ゴスペル調モチーフや、リズムのノリが強調されているアルバムではあるが、反復リズムやロック調のリフなどの特徴により、アルバム「バックハンド」は、確かに、通常のジャズの枠組をやぶる全く新しい音の風景をもつ作品を、世に示している。神秘的な曲「クーム」は、まずリコーダーがセオリーにはないメリスマ(装飾音形)をつけてくる。原始時代からやってきたようなこのフレーズは、大昔にピタゴラスとその弟子達が、自分達の科学的実験の成果を音楽的なシステムに作り上げる、そのはるか昔の「元々の」サウンドを追求した成果ではないか、と思わせてしまう。原始時代の風景を音に描いたこの曲は、打楽器群による不気味にこするようなサウンド(例:カバサ)が続く中、レッドマンの鼻にかかったようなミュゼット(東洋風のオーボエの一種)、純正調のコードを無視して機能を停止させるために音程を自由に変化させるベース、これらによって、彩りが添えられている。このLPの最高の見せ場である、「ヴァパリア」というバラードは、これまた彼らのスタジオ収録作品の逸品の好例だ。実はこれ以前に、「フェイシング・ユー」で短縮版が収録されている。
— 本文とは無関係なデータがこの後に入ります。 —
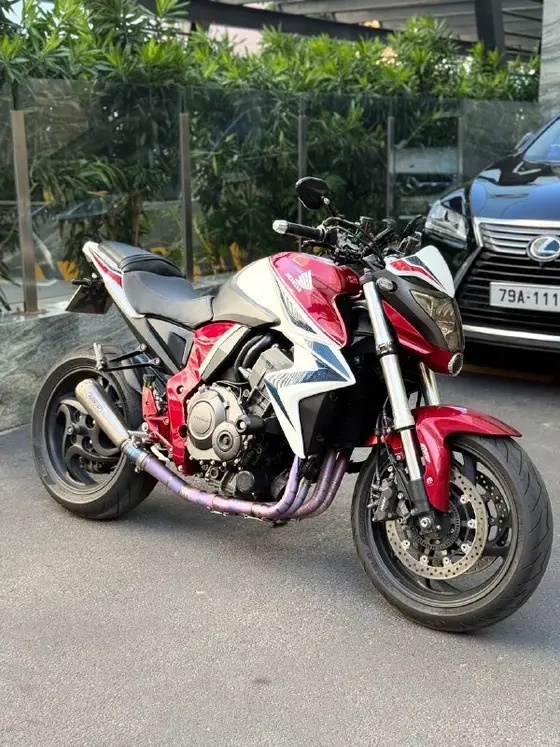 Honda CB1000R 2008, фото 1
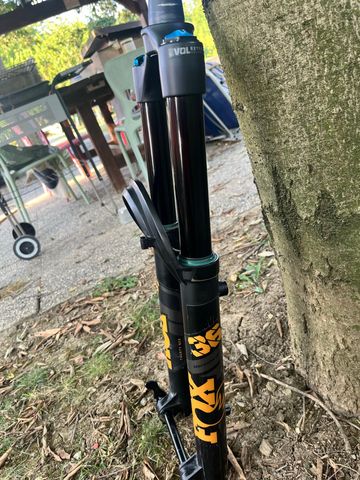 Used Fox Performance 36 Fork 150 mm 2025 bike — image 2 of 8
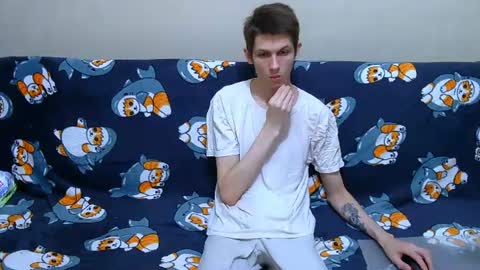 lester_broo online show from July 1, 2026, 9:14 pm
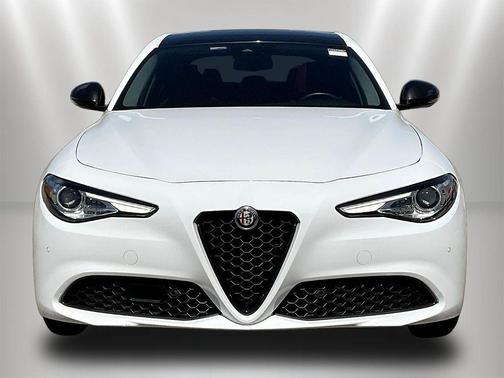 Alfa White 2021 Alfa Romeo Giulia Base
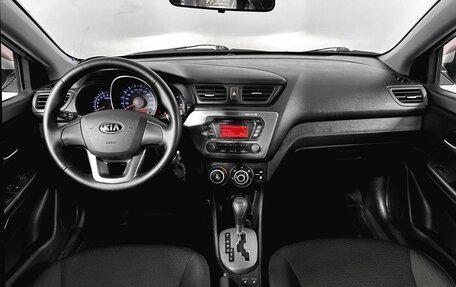 KIA Rio III рестайлинг, 2013 год, 950 000 рублей, 14 фотография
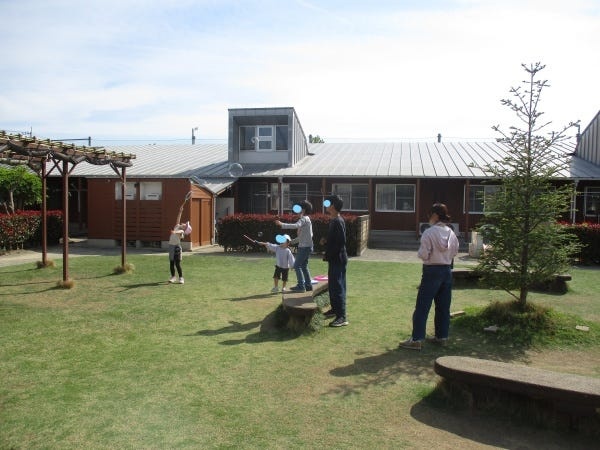 園の中庭で子どもたちと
ジャレットが、この甘く夢見るような主題につけている和声のパターンは、常にポール・モチアンの超人的なセンスによる「反応」(レスポンス)によって支えられ、三和音の持つシンプルな美しさを、新たな和声構築の境地へと進化させ、しかも「感傷的」「安易」に堕すことなく聞かせるあたりは、以前なら「いいね」とシンプルに評されていたものだ。当時、音楽表現については、「社会通念上、誰もがこう感じるであろう」と確信できる点が、比較的見出しやすかったこともある。今こそ、勇気を持って、再びこう言おうではないか「この部分については、キース・ジャレットの凄さと趣味の良さが現れている」。 

 

キース・ジャレットは「アメリカン・カルテット」とともに、更にもう6作品を、1976年までに手掛けている。4つはABCインパルス、2つはECMからである。これら一連の作品の数々は、「フォート・ヤウー」で既に始まった取り組みの、更なる進化を示している。それは、チャーリー・パーカーからチャールズ・ロイドに至るビ・バップの伝統に、ビ・バップ領域を更に、混乱を抑えてコントロールが効くようにしたフリージャズへと拡大した音楽を加えたものである。そうしてできたのが、これら6作品だ。何度も言うが、どの作品も、考えうる音楽表現とそれが持つ力は、全て動員したいという、ジャレットの思いが現れている。通常は自身の曲がそうだが、時に仲間の作った曲もある。例えばポール・モチアンは「バイアブルー」というアルバムに1曲提供しているし、また、このアルバムには、音楽界では全く無名の、それも音楽の勉強などしたことのない、デザインが専門の女性が書いた一品もある。そう、キース・ジャレットの妻、マーゴット・ジャレットである。アルバム「バップ・ビー」にも、デューイ・レッドマンチャーリー・ヘイデン、そしてアレック・ワイルダーらの作品が収録されている。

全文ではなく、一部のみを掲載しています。